Joint Fullband-Subband Modeling for High-Resolution SingFake Detection
This addresses the urgent need for better detection of unauthorized singing voice imitations, which is an incremental improvement over existing methods.
The study tackled the problem of detecting singing voice deepfakes by analyzing high-resolution audio at 44.1 kHz, revealing that high-frequency subbands provide essential cues, and their joint fullband-subband framework significantly outperformed 16 kHz-sampled models.

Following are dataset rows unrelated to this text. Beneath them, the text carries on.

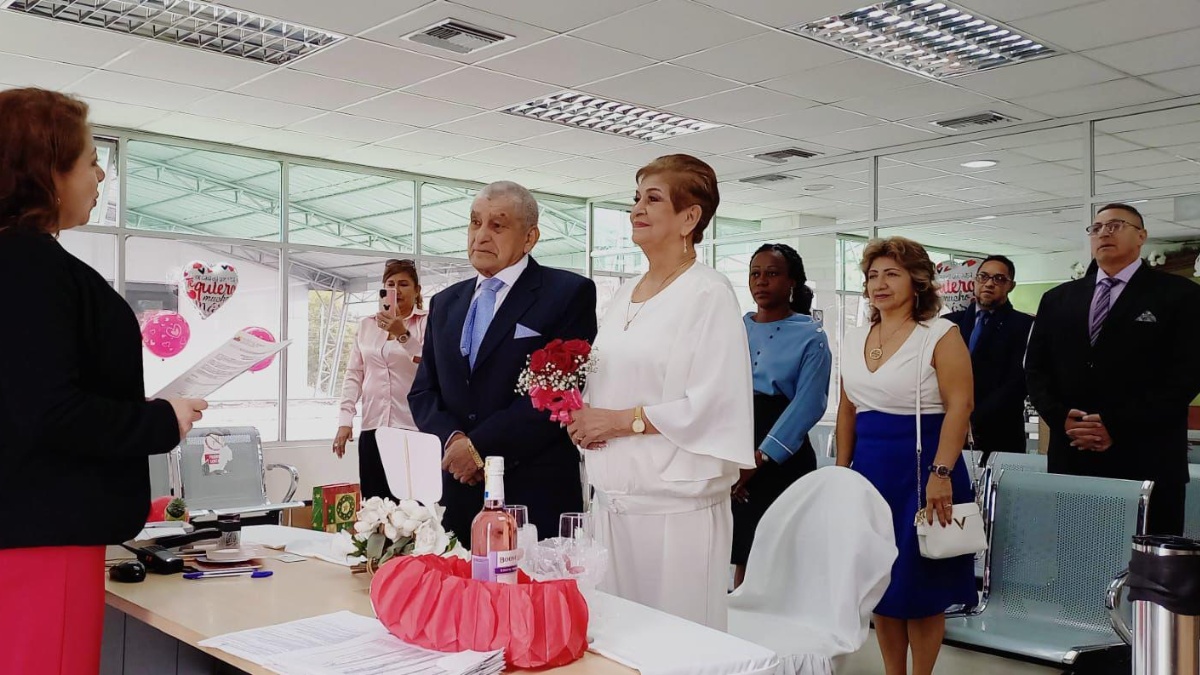 Una pareja que contrajo nupcias en Quito. (Cortesía del Registro Civil.)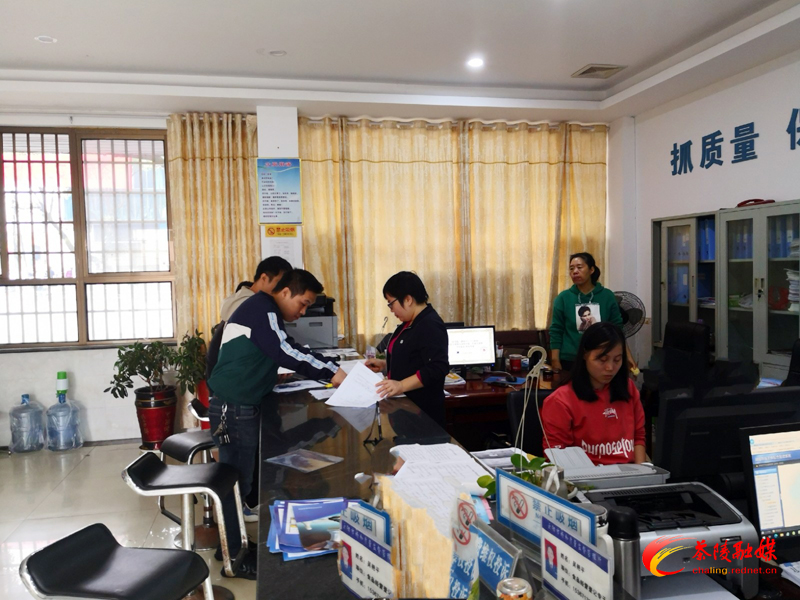 茶陵县市场监督管理局云阳所设立“一件事一次办”试点窗口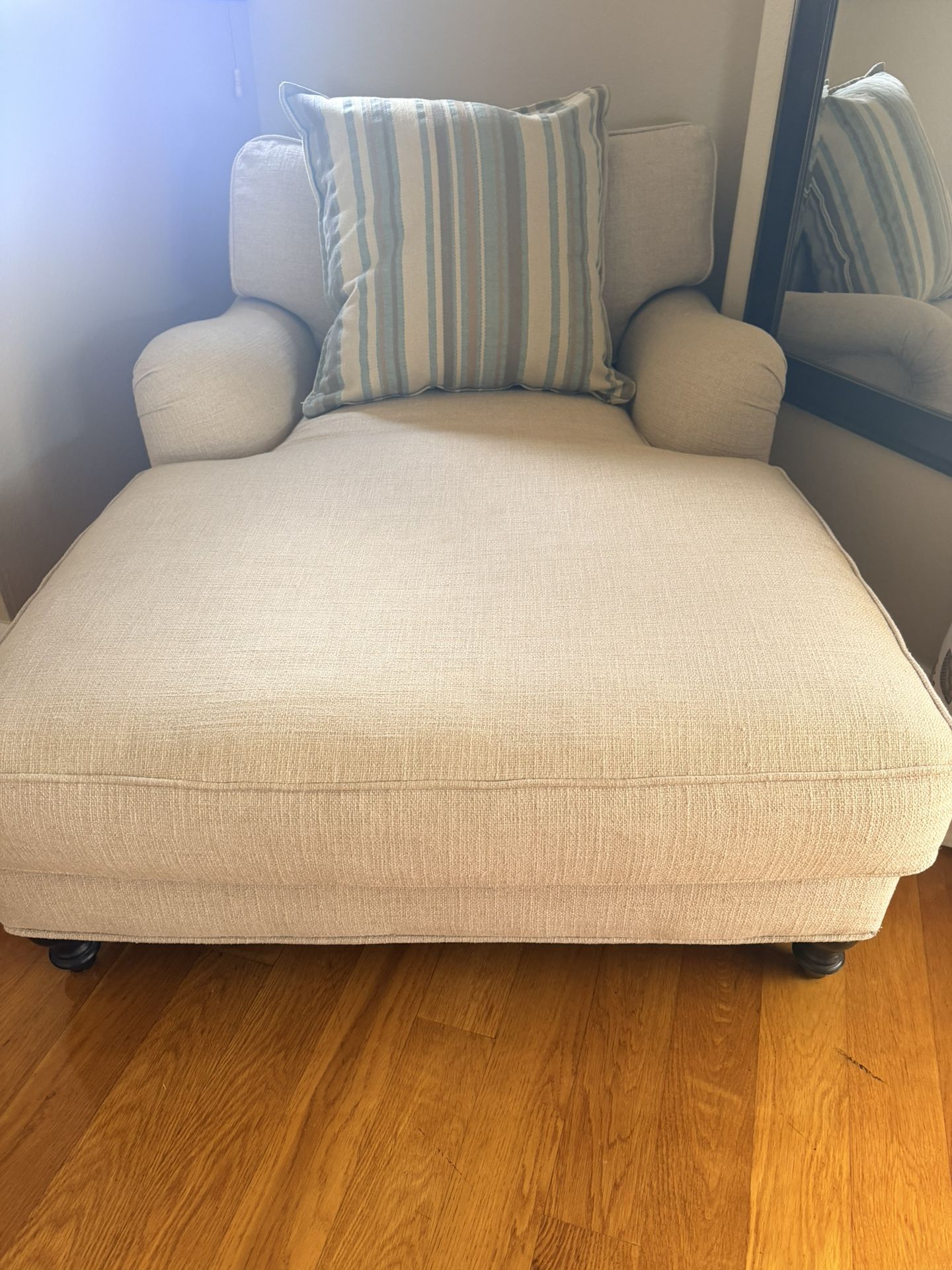 Oversized Chaise Lounge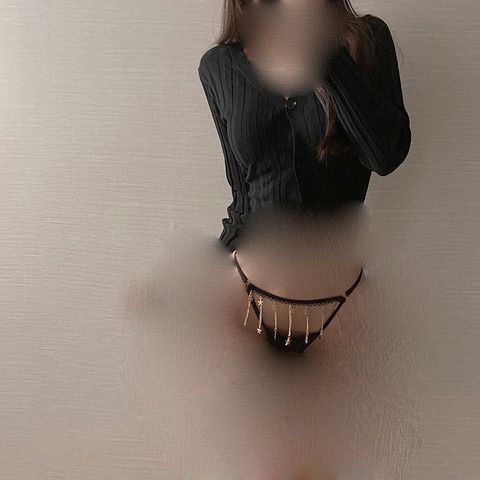 Quần lót nữ lọt khe Hot Girls tua rua xích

Rapid advances in singing voice synthesis have increased unauthorized imitation risks, creating an urgent need for better Singing Voice Deepfake (SingFake) Detection, also known as SVDD. Unlike speech, singing contains complex pitch, wide dynamic range, and timbral variations. Conventional 16 kHz-sampled detectors prove inadequate, as they discard vital high-frequency information. This study presents the first systematic analysis of high-resolution (44.1 kHz sampling rate) audio for SVDD. We propose a joint fullband-subband modeling framework: the fullband captures global context, while subband-specific experts isolate fine-grained synthesis artifacts unevenly distributed across the spectrum. Experiments on the WildSVDD dataset demonstrate that high-frequency subbands provide essential complementary cues. Our framework significantly outperforms 16 kHz-sampled models, proving that high-resolution audio and strategic subband integration are critical for robust in-the-wild detection.